Big data privacy preservation is one of the most disturbed issues in current industry. Sometimes the data privacy problems never identified when input data is published on cloud environment. Data privacy preservation in hadoop deals in hiding and publishing input dataset to the distributed environment. In this paper investigate the problem of big data anonymization for privacy preservation from the perspectives of scalability and time factor etc. At present, many cloud applications with big data anonymization faces the same kind of problems. For recovering this kind of problems, here introduced a data anonymization algorithm called Two Phase Top-Down Specialization (TPTDS) algorithm that is implemented in hadoop. For the data anonymization-45,222 records of adults information with 15 attribute values was taken as the input big data. With the help of multidimensional anonymization in map reduce framework, here implemented proposed Two-Phase Top-Down Specialization anonymization algorithm in hadoop and it will increases the efficiency on the big data processing system. By conducting experiment in both one dimensional and multidimensional map reduce framework with Two Phase Top-Down Specialization algorithm on hadoop, the better result shown in multidimensional anonymization on input adult dataset.

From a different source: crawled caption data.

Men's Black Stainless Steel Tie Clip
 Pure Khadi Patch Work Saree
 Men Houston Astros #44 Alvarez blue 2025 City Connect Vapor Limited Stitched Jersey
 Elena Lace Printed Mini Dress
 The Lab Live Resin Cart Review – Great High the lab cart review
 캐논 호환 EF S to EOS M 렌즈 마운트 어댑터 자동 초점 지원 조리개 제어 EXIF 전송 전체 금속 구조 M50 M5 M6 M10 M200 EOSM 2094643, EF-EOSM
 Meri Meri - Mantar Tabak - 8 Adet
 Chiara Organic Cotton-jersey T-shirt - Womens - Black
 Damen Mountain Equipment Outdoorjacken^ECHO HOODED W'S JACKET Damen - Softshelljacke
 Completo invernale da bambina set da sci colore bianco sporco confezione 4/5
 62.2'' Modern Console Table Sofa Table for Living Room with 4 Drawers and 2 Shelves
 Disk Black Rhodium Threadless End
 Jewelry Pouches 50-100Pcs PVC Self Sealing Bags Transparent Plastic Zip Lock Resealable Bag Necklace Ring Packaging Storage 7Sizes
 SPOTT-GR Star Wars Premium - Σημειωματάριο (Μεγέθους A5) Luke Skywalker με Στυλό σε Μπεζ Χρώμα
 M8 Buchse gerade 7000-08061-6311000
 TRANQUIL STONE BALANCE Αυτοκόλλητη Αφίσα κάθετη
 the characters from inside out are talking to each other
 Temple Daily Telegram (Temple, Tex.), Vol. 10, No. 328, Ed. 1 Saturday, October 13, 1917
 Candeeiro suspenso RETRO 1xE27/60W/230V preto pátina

Data sets is generalized in a top-down manner and the better result was shown in multidimensional map reduce framework by the better IGPL values generated by the algorithm. The anonymization was performed with specialization operation on taxonomy tree. The experiment shows that the solutions improves the IGPL values, anonymity parameter and decreases the execution time of big data privacy preservation by compared to the existing algorithm. This experimental result will leads to great application to the distributed environment.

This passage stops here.